Provided information:
____________________
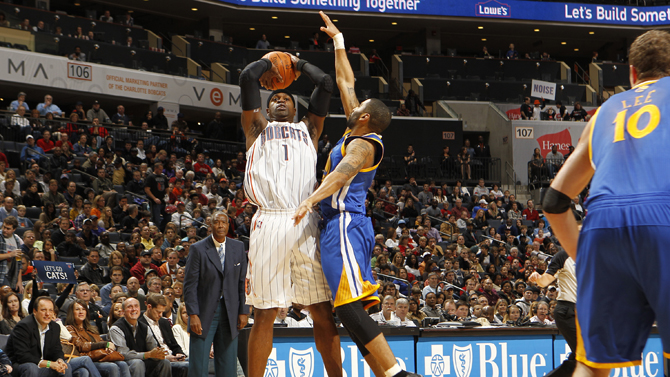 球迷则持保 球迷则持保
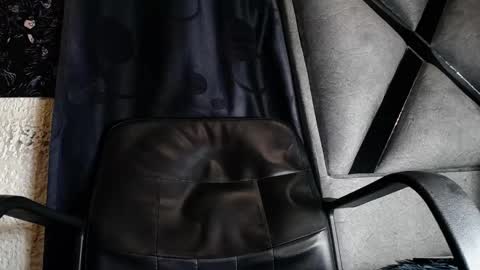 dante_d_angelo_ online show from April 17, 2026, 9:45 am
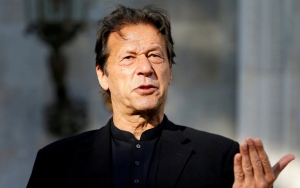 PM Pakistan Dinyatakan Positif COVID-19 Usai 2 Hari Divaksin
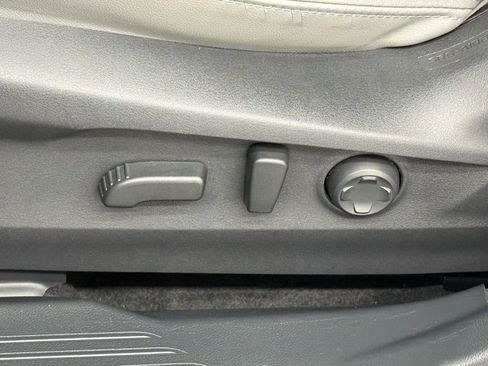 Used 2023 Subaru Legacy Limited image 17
____________________
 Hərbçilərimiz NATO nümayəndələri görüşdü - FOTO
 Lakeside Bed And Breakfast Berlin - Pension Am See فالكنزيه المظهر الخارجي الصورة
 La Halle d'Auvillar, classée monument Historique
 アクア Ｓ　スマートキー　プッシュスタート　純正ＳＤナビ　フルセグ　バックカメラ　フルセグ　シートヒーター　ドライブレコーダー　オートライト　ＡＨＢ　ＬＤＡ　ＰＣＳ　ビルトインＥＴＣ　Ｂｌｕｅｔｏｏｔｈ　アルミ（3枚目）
____________________
Work item: Above are the records; restate exactly the lines from the one containing "球迷则持保 球迷则持保" through the one containing "Used 2023 Subaru Legacy Limited image 17", keeping pictures out.

Task result:
 球迷则持保 球迷则持保
 dante_d_angelo_ online show from April 17, 2026, 9:45 am
 PM Pakistan Dinyatakan Positif COVID-19 Usai 2 Hari Divaksin
 Used 2023 Subaru Legacy Limited image 17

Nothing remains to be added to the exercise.